* [Your assignment]
Write the listing out again exactly as it stands, with no images.

─── Input data ───

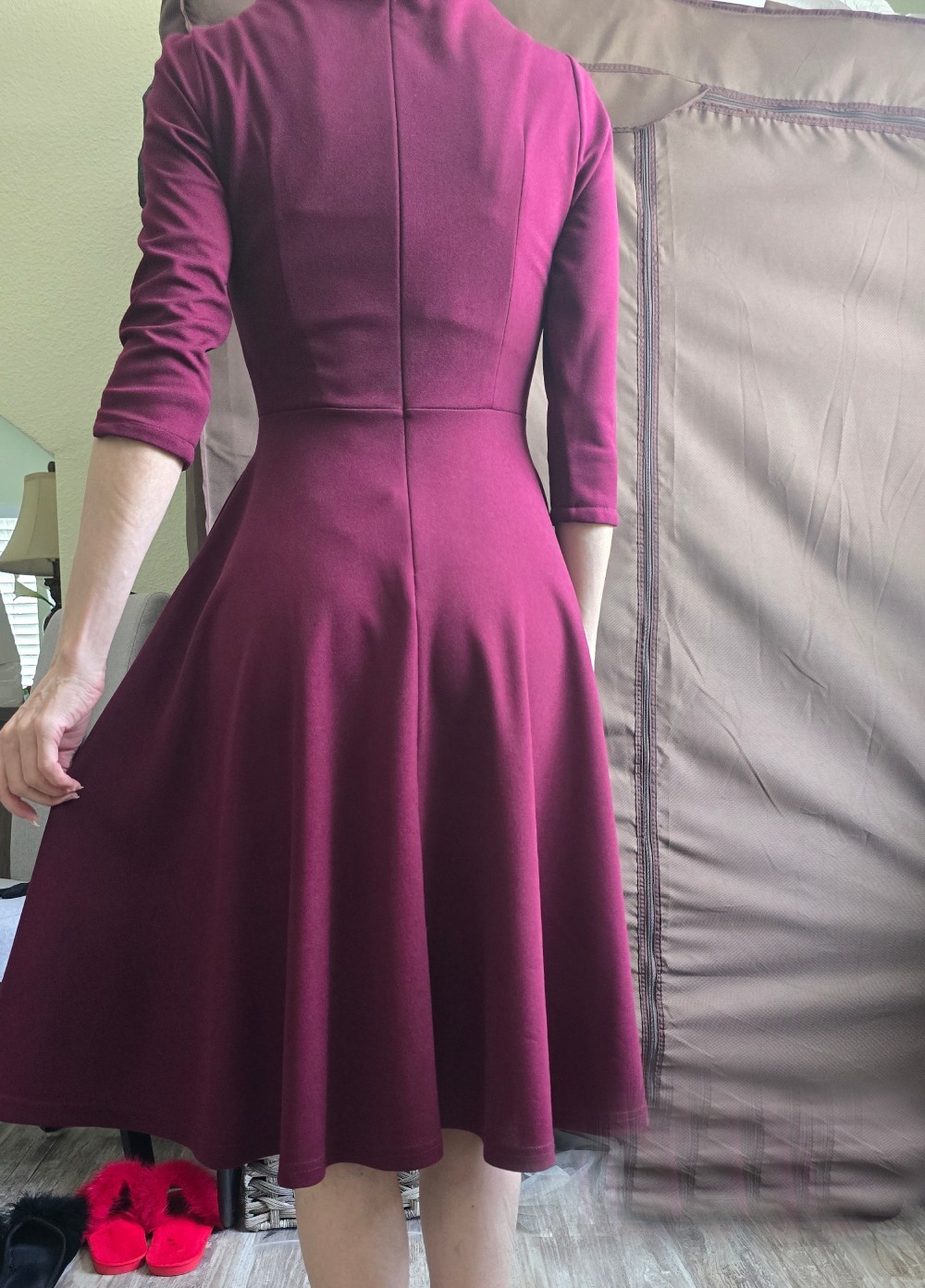 Vintage inspired dress, S/XS Dressy Star, below knee, vine red, 3/4 sleeve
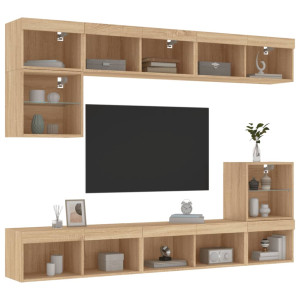 Muebles TV pared con LED 8 pzas madera ingeniería roble Sonoma D
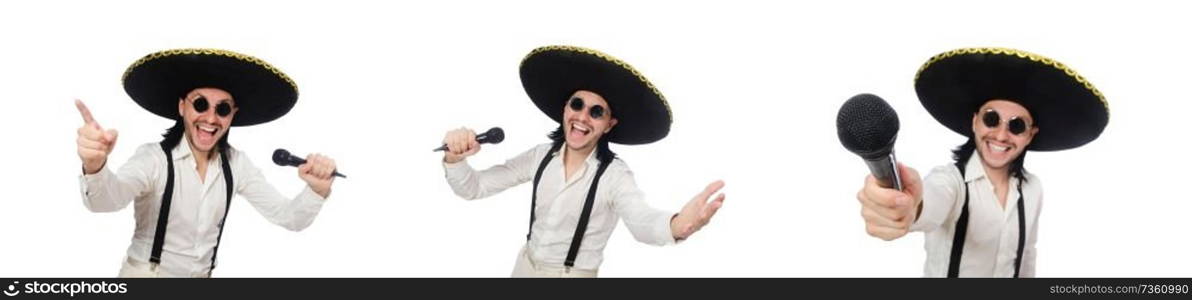 Funny man wearing mexican sombrero hat isolated on white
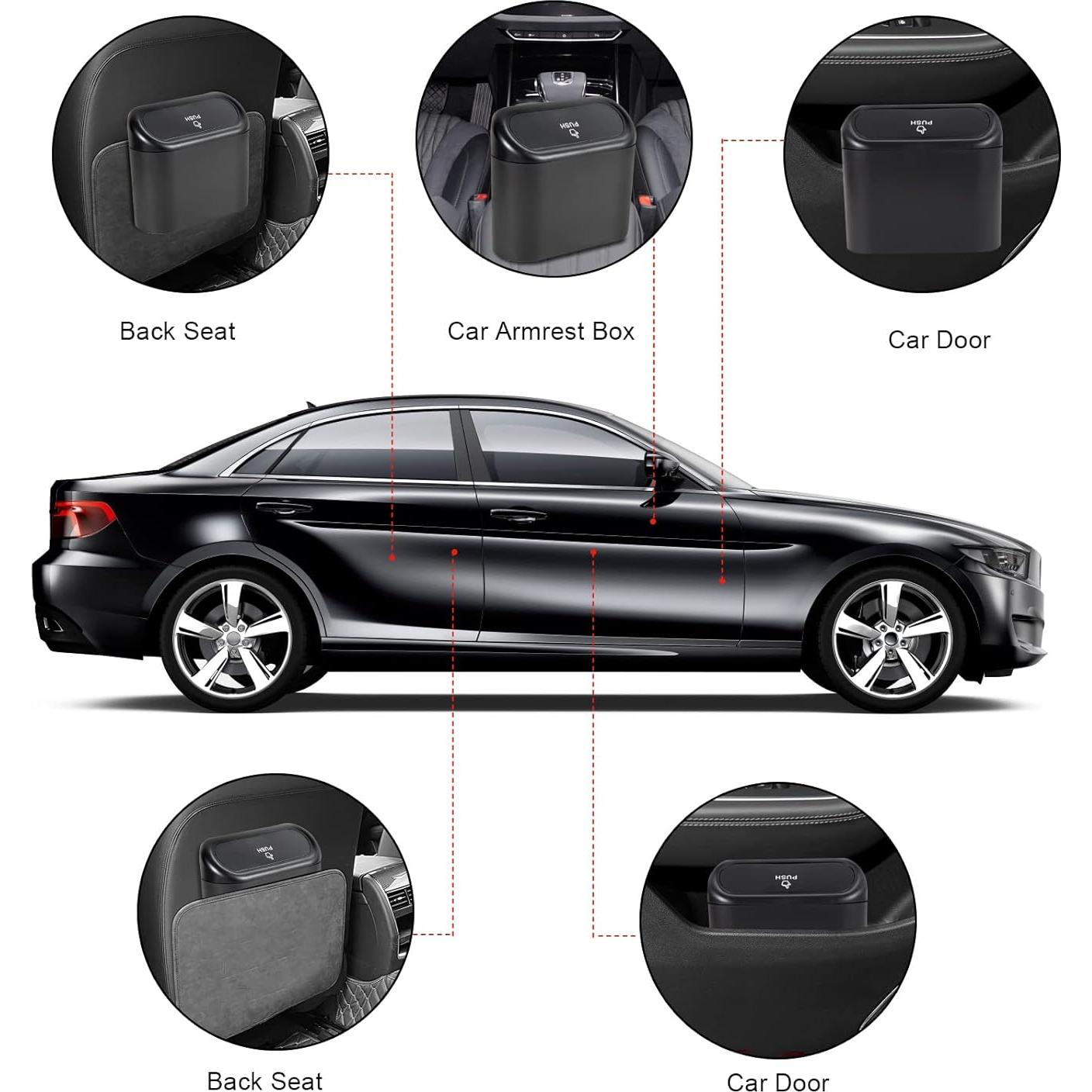 Mini Basurero de Auto EnthuLove con Tapa y 150 Bolsas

───

* [Completed exercise]
 Vintage inspired dress, S/XS Dressy Star, below knee, vine red, 3/4 sleeve
 Muebles TV pared con LED 8 pzas madera ingeniería roble Sonoma D
 Funny man wearing mexican sombrero hat isolated on white
 Mini Basurero de Auto EnthuLove con Tapa y 150 Bolsas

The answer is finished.